**Work to complete**: Your task is to repeat the entries exactly from their first line through the line with "BIKINGBOY Wet Clutch", and to stop there.

(Source data)

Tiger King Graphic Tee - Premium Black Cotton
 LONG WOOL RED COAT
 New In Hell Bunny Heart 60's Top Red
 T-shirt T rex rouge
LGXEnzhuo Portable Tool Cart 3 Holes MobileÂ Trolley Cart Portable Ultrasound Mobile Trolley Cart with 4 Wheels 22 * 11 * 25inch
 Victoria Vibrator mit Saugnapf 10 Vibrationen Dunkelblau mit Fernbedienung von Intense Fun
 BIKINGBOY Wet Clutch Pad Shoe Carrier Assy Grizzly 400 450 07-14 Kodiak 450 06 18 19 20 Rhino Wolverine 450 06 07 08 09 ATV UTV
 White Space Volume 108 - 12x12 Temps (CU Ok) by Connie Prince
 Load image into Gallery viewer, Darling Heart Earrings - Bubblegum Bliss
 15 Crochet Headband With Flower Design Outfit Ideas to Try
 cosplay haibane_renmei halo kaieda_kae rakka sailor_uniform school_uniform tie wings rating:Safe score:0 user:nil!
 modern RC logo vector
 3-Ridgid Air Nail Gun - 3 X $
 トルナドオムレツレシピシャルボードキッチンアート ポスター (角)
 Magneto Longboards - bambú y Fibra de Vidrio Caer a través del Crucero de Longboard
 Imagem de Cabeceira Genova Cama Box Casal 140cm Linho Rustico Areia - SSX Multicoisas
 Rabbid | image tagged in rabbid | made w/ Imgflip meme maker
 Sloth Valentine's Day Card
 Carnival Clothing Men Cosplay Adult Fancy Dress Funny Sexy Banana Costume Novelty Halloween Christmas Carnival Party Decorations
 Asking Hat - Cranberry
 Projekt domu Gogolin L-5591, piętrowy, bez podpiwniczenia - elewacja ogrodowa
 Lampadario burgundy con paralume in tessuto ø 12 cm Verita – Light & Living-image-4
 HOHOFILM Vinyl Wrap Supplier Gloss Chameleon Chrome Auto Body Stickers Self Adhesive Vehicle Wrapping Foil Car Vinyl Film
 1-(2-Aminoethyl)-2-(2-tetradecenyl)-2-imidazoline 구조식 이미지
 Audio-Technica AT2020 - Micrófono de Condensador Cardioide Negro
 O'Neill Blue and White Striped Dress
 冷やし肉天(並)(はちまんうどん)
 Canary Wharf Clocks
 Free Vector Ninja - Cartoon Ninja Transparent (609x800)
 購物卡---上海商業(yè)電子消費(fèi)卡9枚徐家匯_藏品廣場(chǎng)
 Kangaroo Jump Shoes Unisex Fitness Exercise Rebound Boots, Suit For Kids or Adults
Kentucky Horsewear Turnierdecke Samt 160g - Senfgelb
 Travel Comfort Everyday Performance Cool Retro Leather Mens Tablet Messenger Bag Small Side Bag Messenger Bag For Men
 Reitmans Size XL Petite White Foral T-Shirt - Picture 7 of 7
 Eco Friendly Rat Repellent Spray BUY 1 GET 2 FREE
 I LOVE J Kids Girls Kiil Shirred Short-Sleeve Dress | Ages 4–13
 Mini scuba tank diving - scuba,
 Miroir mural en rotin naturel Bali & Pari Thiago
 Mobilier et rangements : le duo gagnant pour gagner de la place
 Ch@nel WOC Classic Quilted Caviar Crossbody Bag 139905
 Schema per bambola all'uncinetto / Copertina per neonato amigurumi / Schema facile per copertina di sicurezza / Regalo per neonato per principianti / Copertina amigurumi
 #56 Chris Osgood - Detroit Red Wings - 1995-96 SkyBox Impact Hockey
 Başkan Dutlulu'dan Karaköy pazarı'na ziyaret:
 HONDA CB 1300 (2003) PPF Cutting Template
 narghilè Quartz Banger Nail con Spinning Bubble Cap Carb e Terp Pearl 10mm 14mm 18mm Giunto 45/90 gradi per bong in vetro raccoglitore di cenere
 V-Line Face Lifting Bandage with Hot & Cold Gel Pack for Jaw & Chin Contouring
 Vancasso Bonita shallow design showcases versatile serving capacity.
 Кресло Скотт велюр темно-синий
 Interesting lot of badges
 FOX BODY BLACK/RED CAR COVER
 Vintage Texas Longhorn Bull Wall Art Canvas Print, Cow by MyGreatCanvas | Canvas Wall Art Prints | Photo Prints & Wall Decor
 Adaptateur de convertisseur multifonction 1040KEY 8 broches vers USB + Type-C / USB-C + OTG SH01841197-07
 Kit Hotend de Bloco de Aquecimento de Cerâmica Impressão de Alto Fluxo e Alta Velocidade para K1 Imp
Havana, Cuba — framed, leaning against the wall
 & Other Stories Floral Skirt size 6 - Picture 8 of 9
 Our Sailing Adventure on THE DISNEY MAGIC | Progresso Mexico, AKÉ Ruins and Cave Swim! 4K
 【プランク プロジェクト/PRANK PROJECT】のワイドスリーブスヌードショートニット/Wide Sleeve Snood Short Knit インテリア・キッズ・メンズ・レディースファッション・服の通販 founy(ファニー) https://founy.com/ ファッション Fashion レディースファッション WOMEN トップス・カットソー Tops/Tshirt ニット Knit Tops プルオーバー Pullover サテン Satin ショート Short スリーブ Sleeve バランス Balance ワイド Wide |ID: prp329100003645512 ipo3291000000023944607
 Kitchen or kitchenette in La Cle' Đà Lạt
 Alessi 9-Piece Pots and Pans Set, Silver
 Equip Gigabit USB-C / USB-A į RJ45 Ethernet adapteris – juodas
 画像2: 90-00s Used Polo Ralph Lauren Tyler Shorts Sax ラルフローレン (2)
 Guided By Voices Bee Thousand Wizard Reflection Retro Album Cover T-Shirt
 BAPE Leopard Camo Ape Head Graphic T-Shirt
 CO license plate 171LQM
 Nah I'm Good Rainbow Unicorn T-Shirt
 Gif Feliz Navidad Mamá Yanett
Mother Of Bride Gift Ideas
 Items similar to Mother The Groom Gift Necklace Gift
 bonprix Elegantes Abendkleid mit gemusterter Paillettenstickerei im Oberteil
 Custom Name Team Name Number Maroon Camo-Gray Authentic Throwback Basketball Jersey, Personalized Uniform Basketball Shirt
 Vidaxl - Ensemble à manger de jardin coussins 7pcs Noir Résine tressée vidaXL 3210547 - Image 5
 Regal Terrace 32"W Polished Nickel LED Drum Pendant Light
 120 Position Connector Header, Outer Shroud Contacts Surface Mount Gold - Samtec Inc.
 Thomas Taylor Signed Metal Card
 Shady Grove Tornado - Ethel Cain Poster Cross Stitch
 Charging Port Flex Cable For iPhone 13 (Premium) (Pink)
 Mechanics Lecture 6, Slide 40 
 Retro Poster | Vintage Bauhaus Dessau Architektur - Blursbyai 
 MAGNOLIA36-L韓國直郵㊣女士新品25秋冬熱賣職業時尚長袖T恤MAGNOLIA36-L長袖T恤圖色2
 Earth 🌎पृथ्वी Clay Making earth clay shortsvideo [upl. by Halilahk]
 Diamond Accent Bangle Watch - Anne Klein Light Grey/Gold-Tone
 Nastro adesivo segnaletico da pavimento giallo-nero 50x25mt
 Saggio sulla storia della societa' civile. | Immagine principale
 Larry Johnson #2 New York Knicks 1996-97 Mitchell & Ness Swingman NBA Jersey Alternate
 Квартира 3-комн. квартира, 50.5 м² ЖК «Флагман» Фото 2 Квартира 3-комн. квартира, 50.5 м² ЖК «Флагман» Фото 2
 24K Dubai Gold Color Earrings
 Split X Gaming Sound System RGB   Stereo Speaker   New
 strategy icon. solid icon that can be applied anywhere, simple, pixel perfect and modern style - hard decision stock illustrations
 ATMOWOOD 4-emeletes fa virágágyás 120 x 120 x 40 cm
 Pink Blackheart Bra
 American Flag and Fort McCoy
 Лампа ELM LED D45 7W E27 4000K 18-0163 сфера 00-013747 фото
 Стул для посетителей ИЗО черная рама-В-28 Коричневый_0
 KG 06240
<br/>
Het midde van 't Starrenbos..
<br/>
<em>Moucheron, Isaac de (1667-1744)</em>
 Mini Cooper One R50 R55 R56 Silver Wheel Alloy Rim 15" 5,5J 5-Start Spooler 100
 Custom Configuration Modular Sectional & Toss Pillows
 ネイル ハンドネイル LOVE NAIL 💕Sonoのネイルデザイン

**Answer space**:
Tiger King Graphic Tee - Premium Black Cotton
 LONG WOOL RED COAT
 New In Hell Bunny Heart 60's Top Red
 T-shirt T rex rouge
LGXEnzhuo Portable Tool Cart 3 Holes MobileÂ Trolley Cart Portable Ultrasound Mobile Trolley Cart with 4 Wheels 22 * 11 * 25inch
 Victoria Vibrator mit Saugnapf 10 Vibrationen Dunkelblau mit Fernbedienung von Intense Fun
 BIKINGBOY Wet Clutch Pad Shoe Carrier Assy Grizzly 400 450 07-14 Kodiak 450 06 18 19 20 Rhino Wolverine 450 06 07 08 09 ATV UTV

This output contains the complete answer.